- When I was with the girls, doing stuff like interviews was easier. Now, it's just me. It feels a bit scary. On stage, though, it's different. I feel free again. It reminds me of why I wanted to get into this business in the first place.
- I don't think that friends should really be in a band together. Eventually business gets in the way because you have different views on how things should be done. But maybe we would have drifted apart anyway. We grew up in our time with the band. We became women - and our lives went in very different ways.
- I don't actually like people touching me. Never have. That was a part of the band I didn't like. You always had people touching you - make-up artists, stylists, fans. People can think they own you. They all want a little piece of you.
- [recalling an embarrassing encounter at CD:UK in early 2006] I made the effort to go and see the girls, and say hello to Amelle, and they threw it in my face. Apparently, Heidi was shocked and upset, and I made Amelle feel out of place and put them all off their performance. I haven't spoken to them since.
- [on being replaced as a Sugababe] It was hurtful, yeah. I said to my managers, 'Don't make her like me.' But it was a cloning. I know it was me who wanted out, but it's still hard to see that. It's like seeing your ex with another girl - you don't want him any more, but it hurts anyway.
- I have always been uncomfortable with the showy side of the business.
- We all found it a bit scary. We weren't much more than children ourselves, yet we had all these girls looking up to us, wanting to be us. There was a load of pressure on us to act in a certain way.

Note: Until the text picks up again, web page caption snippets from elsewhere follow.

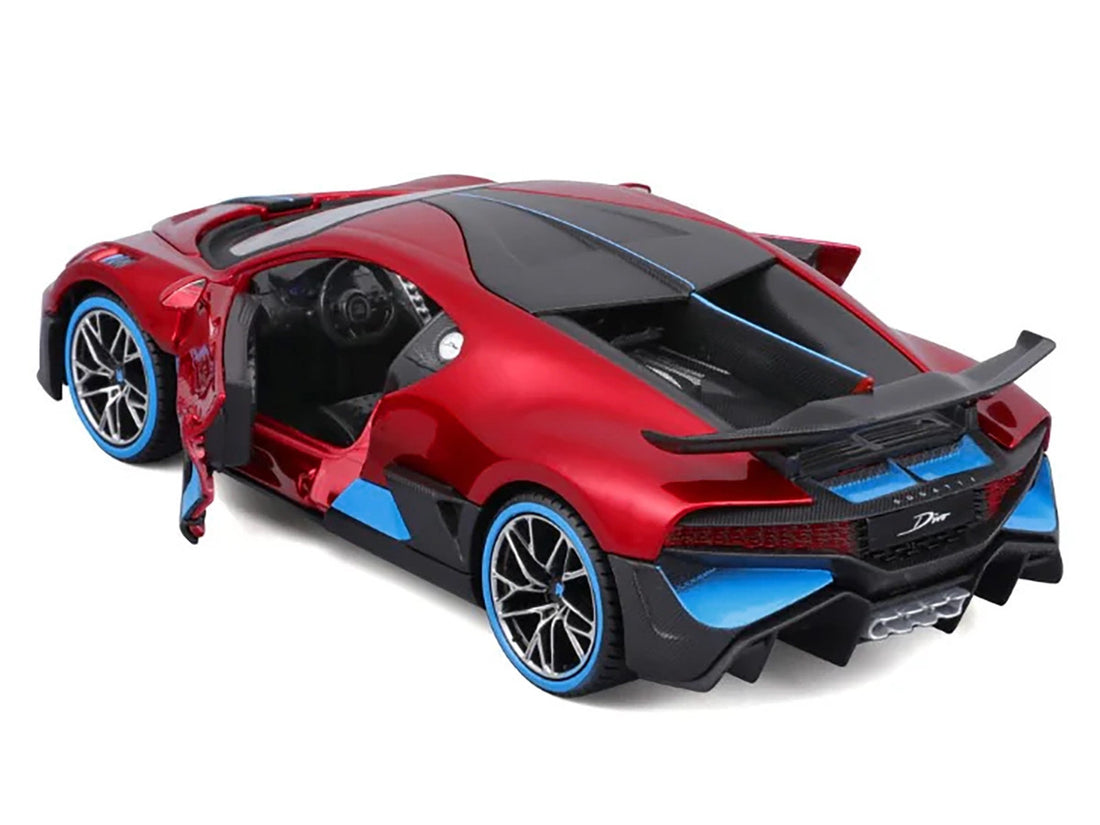 Bugatti Divo Red Metallic with Carbon and Blue Accents "Special Edition" 1/24 Diecast Model Car by Maisto 3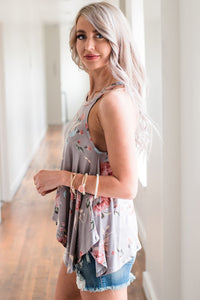 Sexy Grey Floral Print Flowy Tank Top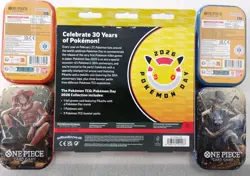 One Piece Tin Pack Set Vol 2 Lot Of 4 Plus Pokemon Day 2026 Collection - Image 4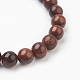Bracciali elasticizzati in perle di sandalo tinto naturale BJEW-JB03843-3
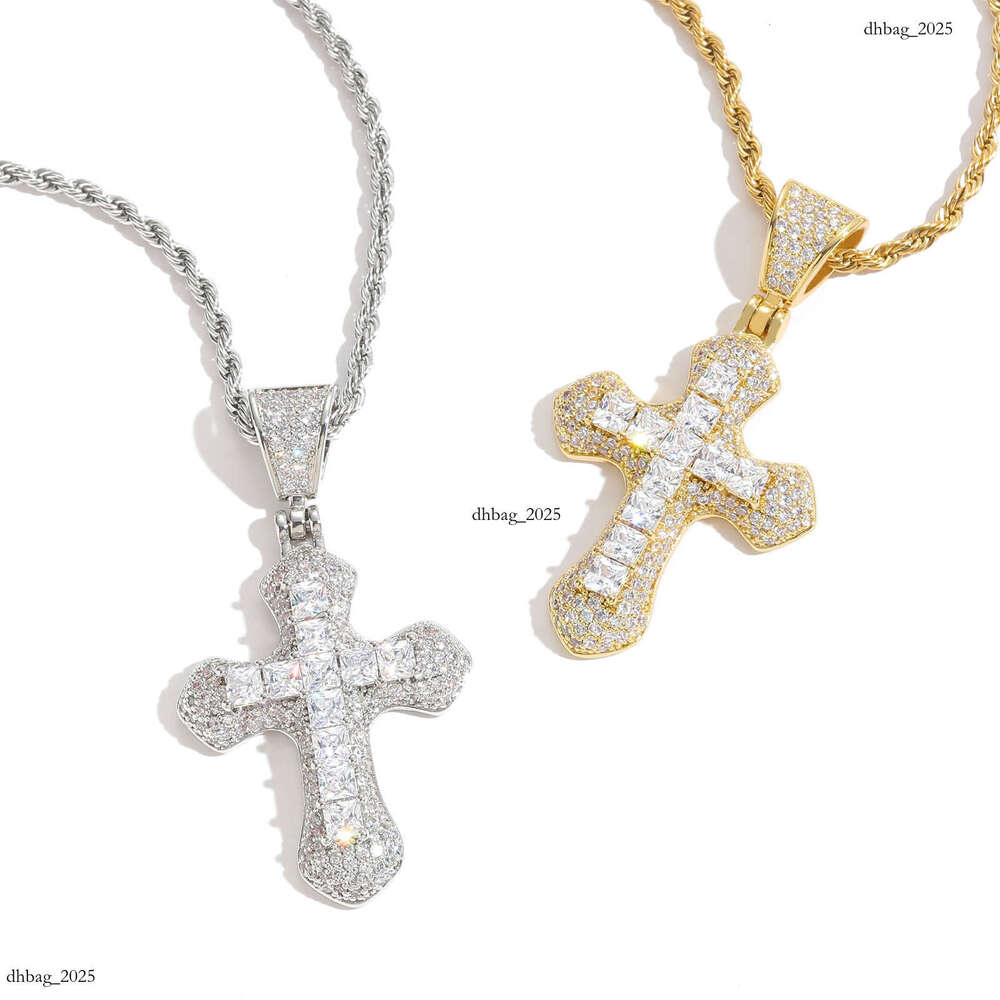 T Square Moissanite chain Cross Pendant Simple Solid Men's Trendy Personality Niche Hip Hop Necklace
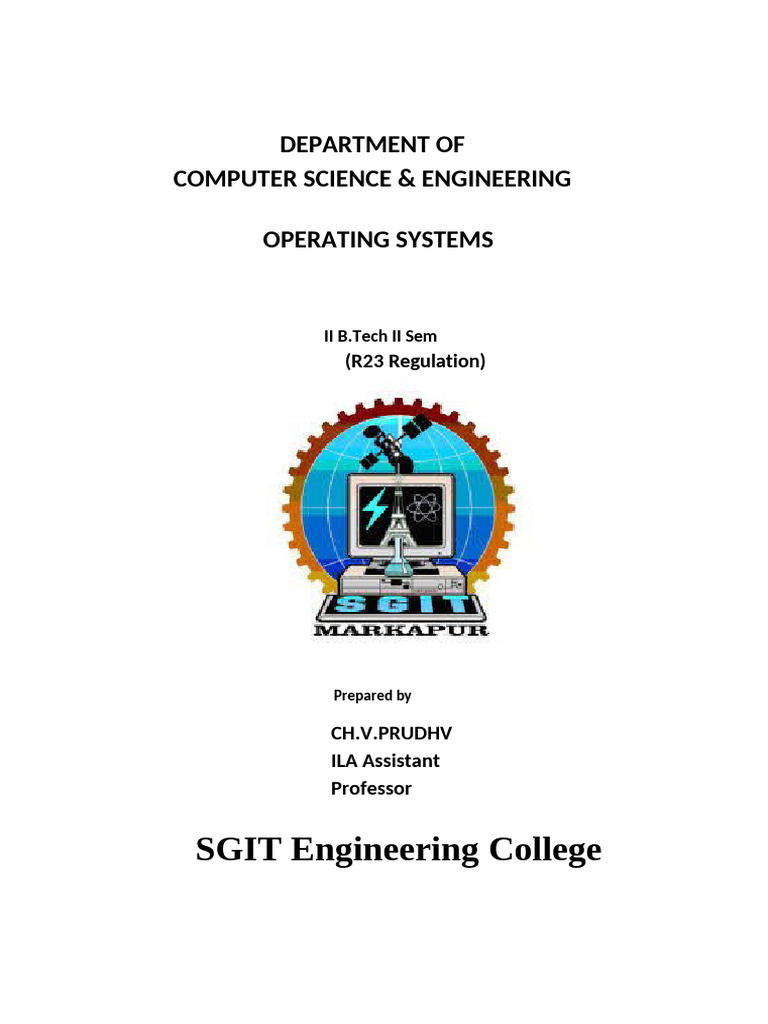 SGIT Engineering College: Department of Computer Science & Engineering ...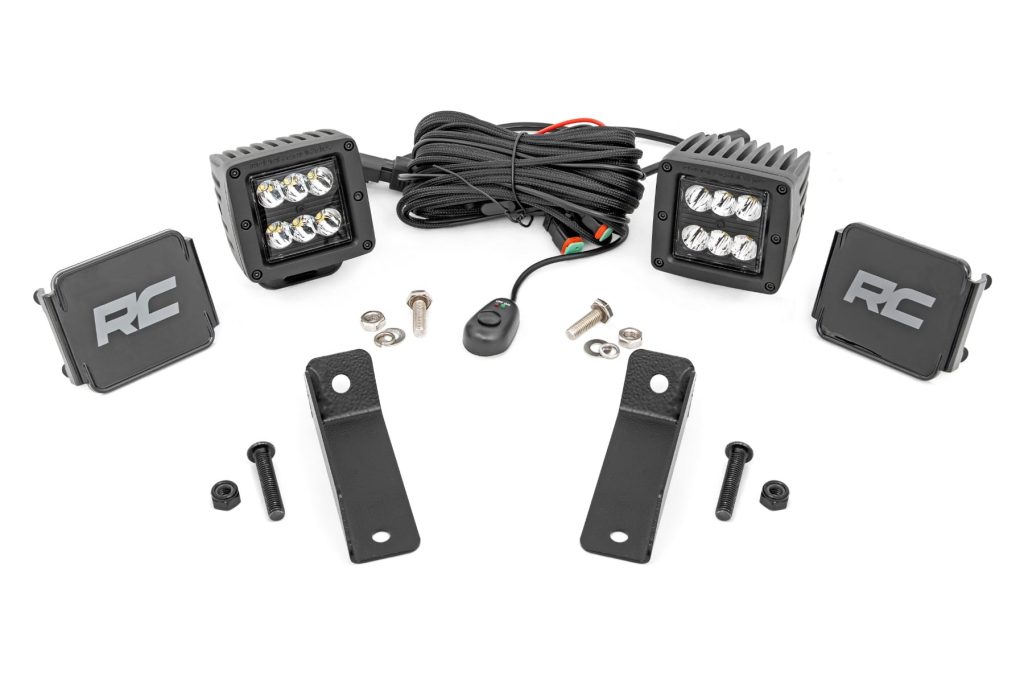 Rough Country LED Light Kit Rear Mount 2β³ Black Pair Flood Can-Am Maverick Sport 1000R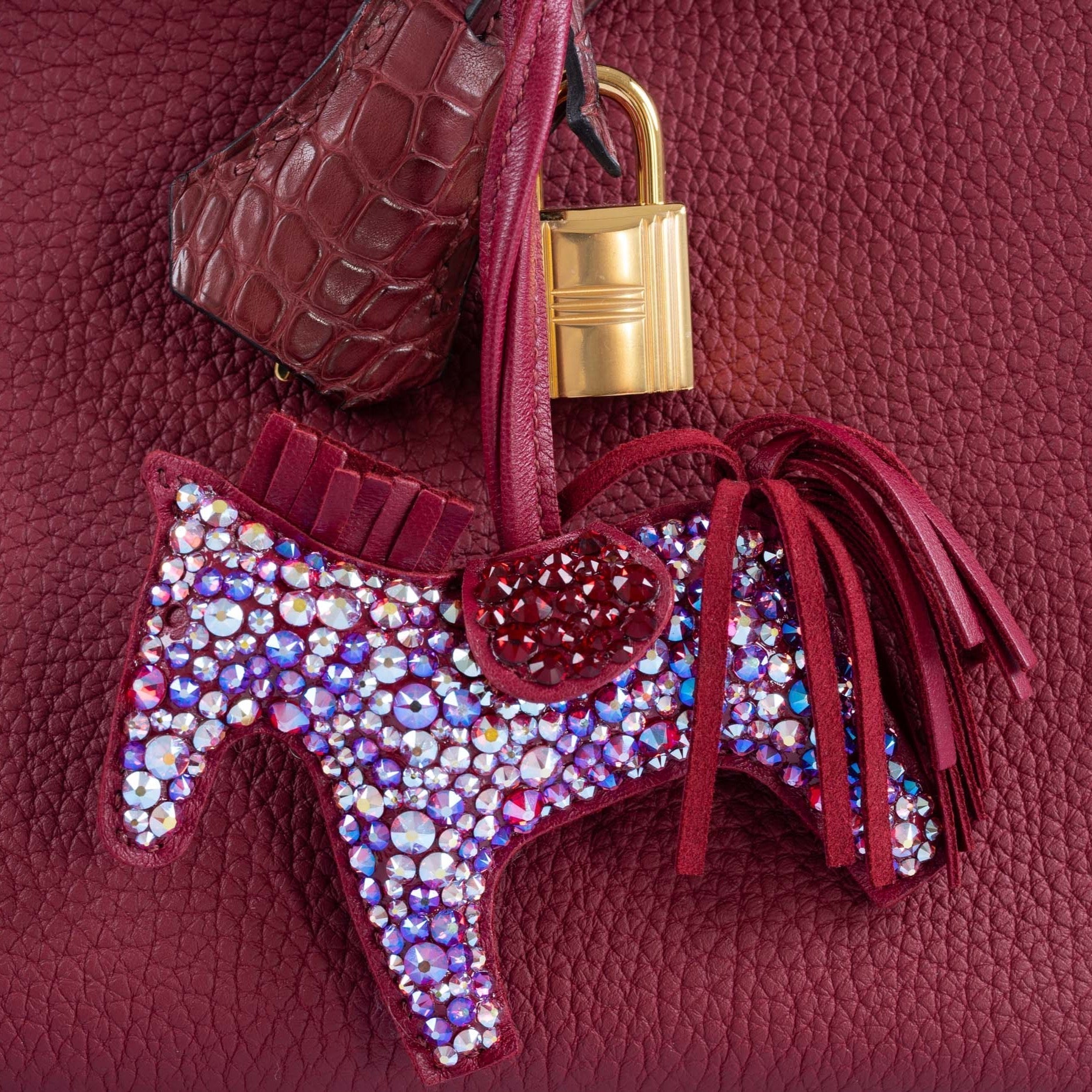 Hermès Rodeo Charm PM Rubis Custom Swarovski Crystal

- I was always going off to beauty shows, singing and dancing. I'm sure they were fixed. If your parents paid enough, you won. I never did.
- I had a great time and mostly I wouldn't change anything, but I wish I could do it all again, but starting now [2007] rather than when I was 11 or 12. I missed out on a lot of family things - events, functions.
- [The final straw, she says, was a bout of post-natal depression. She was back at work just months after her little girl was born, growing increasingly frustrated as her bandmates became angry at her perceived lack of commitment.] They didn't see that my priorities had changed and there were days when I just had to get home to my baby. [So she quit, and says that when she left she was not planning to go solo.] When I got the chance to do it on my own - on my terms - I jumped at it.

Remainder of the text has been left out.